Starring: Timothée Chalamet, Rebecca Ferguson, Oscar Isaac, Josh Brolin, Stellan Skarsgård, Dave Bautista, Stephen McKinley Henderson, Zendaya, Chang Chen, Sharon Duncan-Brewster, David Dastmalchian, Charlotte Rampling, Jason Momoa, and Javier Bardem
Director: Denis Villeneuve
Author Harlan Ellison once called Frank Herbert's Dune the book that couldn't be shot. If he'd lived to see director Denis Villenueve's adaptation, he might've changed his mind. This movie is an absolute feast for the senses. Villeneuve serves up nothing less than a living, breathing world, and uses every single shot to convey just how that world works. Not since Stanley Kubrick's 2001: A Space Odyssey has there been visual sci-fi storytelling like this. Fans of the book will undoubtedly get the most out of this film, and as one such fan, I wholeheartedly give it two thumbs up.
There is absolutely no question that Dune is one of the most visually impressive films you'll see this year. Every trademark of director Denis Villeneuve is used to create a gorgeous piece of cinema. Unfortunately, that's where the greatness ends. That's not to say Dune is a bad film... it isn't... but it should have been great. With a cast this stellar, no one really stands out, and though the storyline isn’t overly complicated, it's told in a way that makes it so. Worst of all, it's periodically boring. Not the best way to start off a franchise.
While it may not emotionally move audiences as well as some of his other works, Denis Villeneuve's Dune is nonetheless an expertly directed, breathtaking sci-fi epic both worthy of and best-viewed on an enormous theatrical screen. Each performance serves its purpose well (Rebecca Ferguson and Jason Momoa especially shine), but the true stars of this film's phenomenally massive scope are the technical elements - the visual effects, sound design, and score are particular standouts all worthy of Oscars. If part two is as good or better, the two-hander may well be viewed as the defining sci-fi epic of the decade.
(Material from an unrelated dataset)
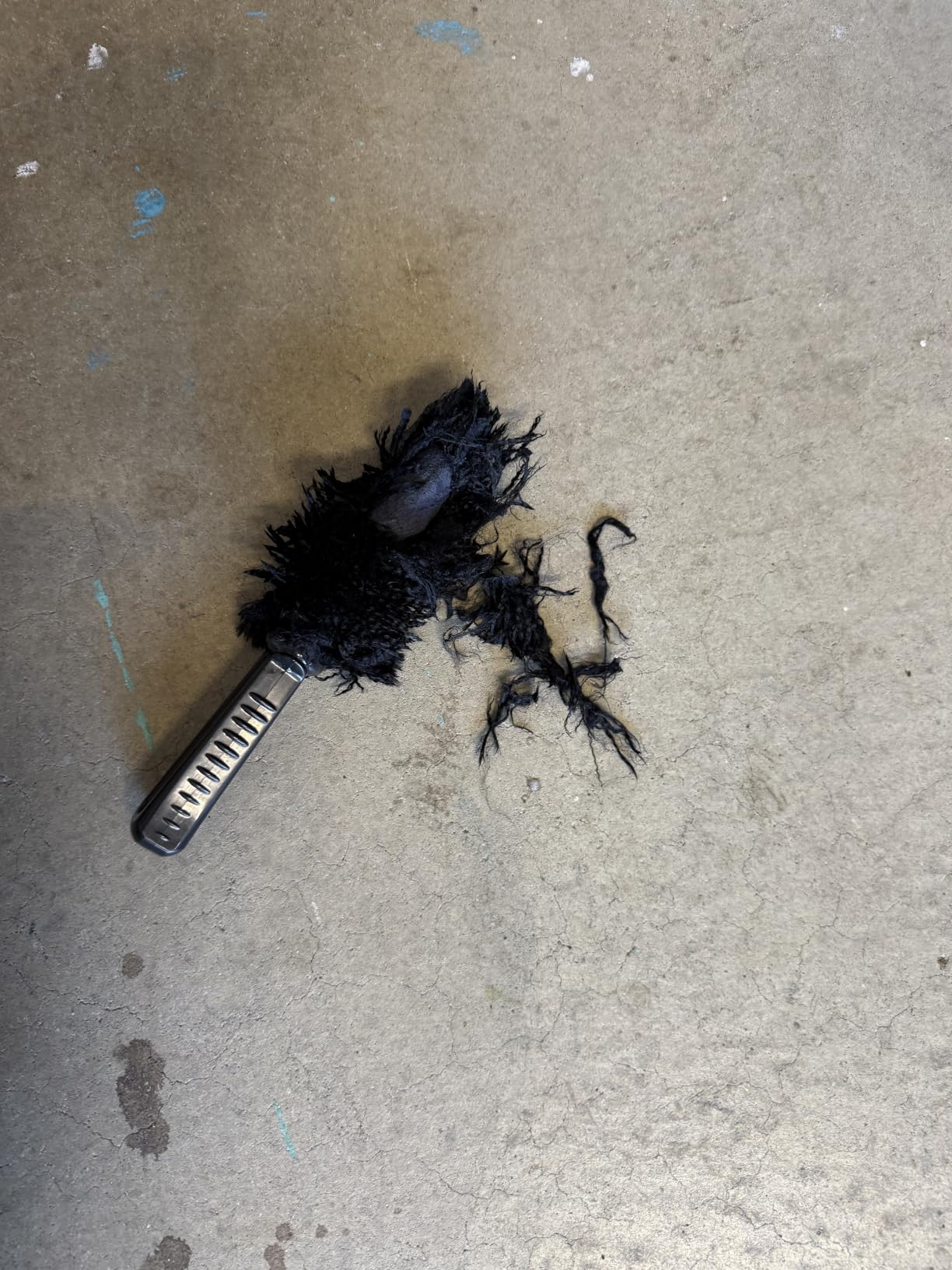 Chemical Guys, Gerbil Wheel & Rim Brush, Soft Natural Bristles, for Tires customer photo 1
You know the cliché of the hot guy/girl that everyone lusts after given how hot he/she is despite having zero personality? That's Dune. It's absolutely stunning to look at, from the too few action scenes to every time the sandworms make an appearance, but the story struggles to stay compelling. It's mostly world-building to set up the sequel, and several things are frustratingly under-explained. The A-list cast is generally wasted, with the majority playing underdeveloped exposition delivery pawns. In the end. It's probably better to judge this and the sequel as one movie because, as a standalone, it feels incomplete.
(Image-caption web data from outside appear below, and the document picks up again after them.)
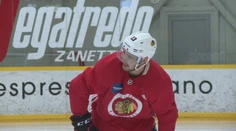 Tomáš Jurčo už trénuje, v NHL je stále bez kontraktu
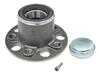 ES#4900807 - 2123300025 - Front Wheel Hub Assembly - Priced Each - Fits left or right side, includes bearings - Meyle - Mercedes Benz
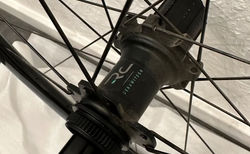 Bianchi Reparto Corse 43R Laufradsatz Gravel (Bianchi, Canyon) kaufen in Wallis #3 | velomarkt.ch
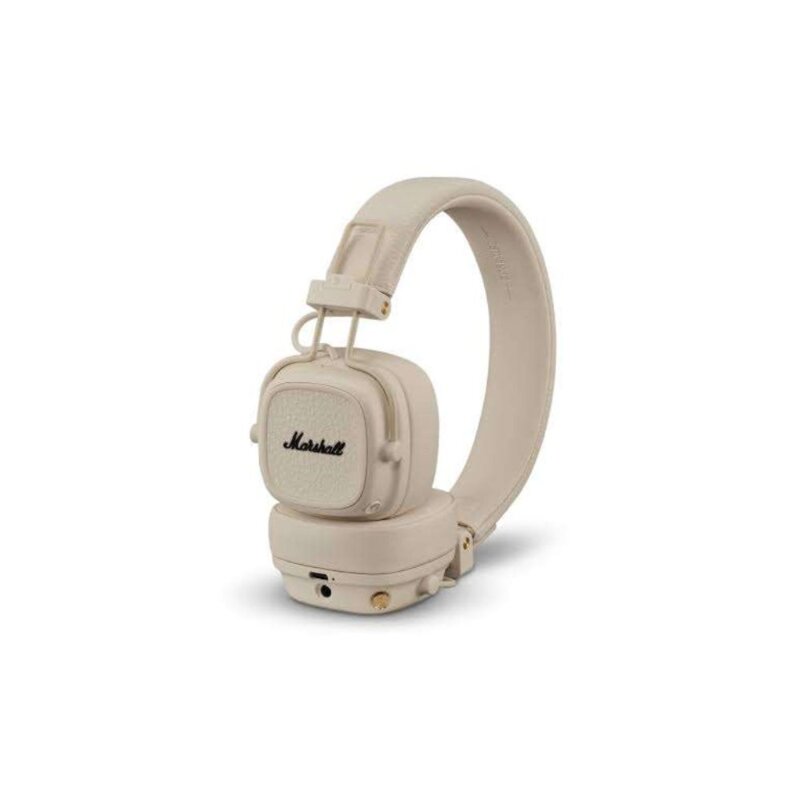 Marshall Major V Wireless Headphones – Bluetooth 5.3, 100 Hours Battery Life by Other — view 3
Dune feels like the start of a once in a generation trilogy in the vein of Star Wars and Lord of the Rings. Director Denis Villeneuve’s visual eye is striking, especially on the big screen, and every single tech he pulls off is an achievement, from the visual effects to the set design. Greig Fraser's stunning cinematography and Hans Zimmer's spectacular score only complement what Villeneuve has accomplished. Beyond that, it features an engaging, albeit dense, story that pulls off its ending in a way that's satisfying while also perfectly setting up a sequel that I cannot wait to see.
Dune is epic and beautiful in its unfocused vastness. The heart-pounding score is the constant amongst the uneven intertwining of political drama, sci-fi action thriller, and world-building space opera. Exposition smothers the first act, but an intriguing story and committed cast shine through just enough to keep your interest throughout the runtime. Timothee Chalamet's intensity is captivating, but he lacks a balancing warmth that co-stars Oscar Isaac and Rebecca Ferguson carry with more ease. In all, Dune: Part One feels like a cram session necessary to better understand the potential of a mind-blowing finale.